No gold standard therapy exists for clearing mucus from the airways of patients with
bronchiectasis. While rhDNase has a proven place in the treatment of CF, it failed to
improve FEV1 in a short-term non-CF bronchiectasis study and has been shown to be
detrimental after 6 months therapy in non CF bronchiectasis, moreover it has no proven
effect on mucociliary clearance. Hypertonic saline has been shown to have a comparable mode
of action to inhaled mannitol, but has yet to be examined as a long term treatment option in
bronchiectasis.
The purpose of this study is to examine the efficacy and safety of 52 weeks treatment with
inhaled mannitol in subjects with non-cystic fibrosis bronchiectasis.

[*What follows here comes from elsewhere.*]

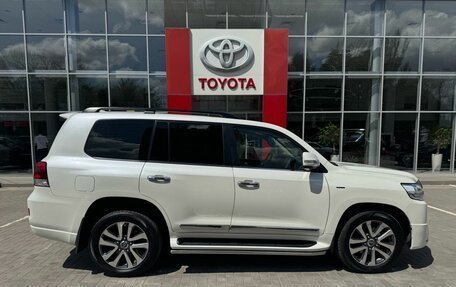 Toyota Land Cruiser 200, 2019 год, 7 460 000 рублей, 4 фотография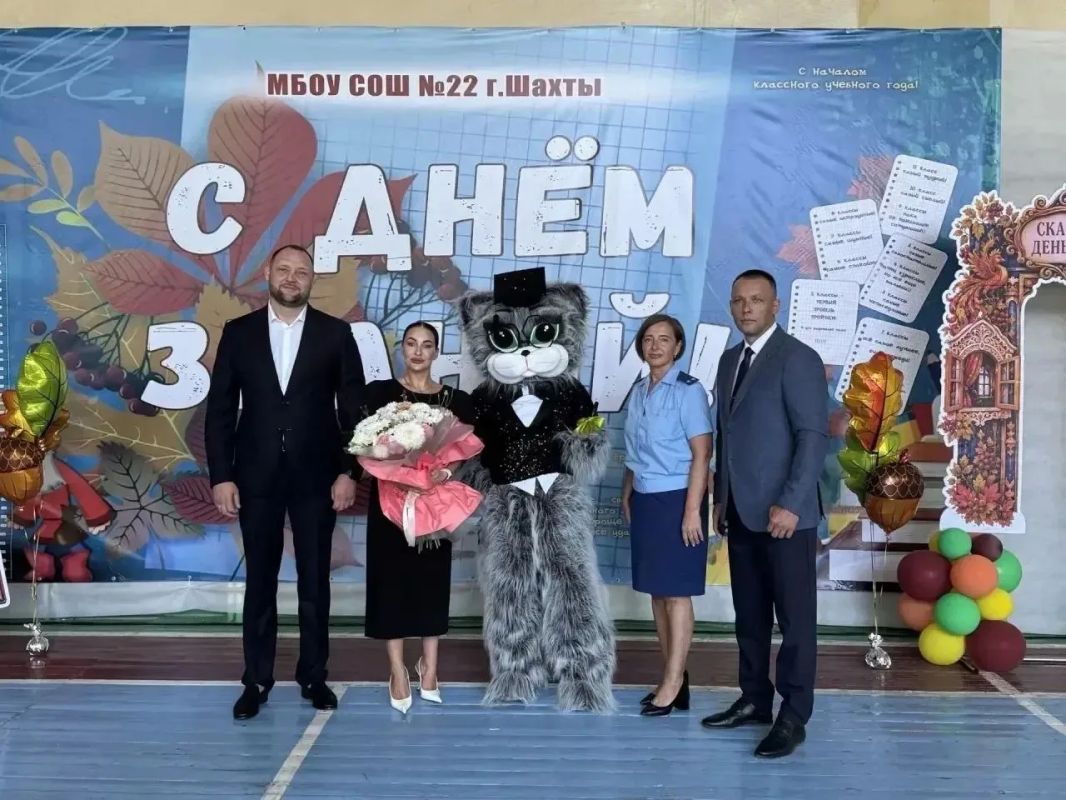 Визит прокуроров в школы города Шахты: как с 1 сентября закладываются основы законопослушного поведения Визит прокуроров в школы города Шахты: как с 1 сентября закладываются основы законопослушного поведения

Previous studies with
inhaled mannitol have demonstrated improvement in mucociliary clearance; mucus rehydration;
improvement in quality of life and respiratory symptoms in patients with bronchiectasis and
pulmonary function in cystic fibrosis. The results of this current study in combination with
a recently completed 3 month study seek to confirm these early findings and to extend the
evidence to support its use as a mucoactive therapy in subjects with bronchiectasis.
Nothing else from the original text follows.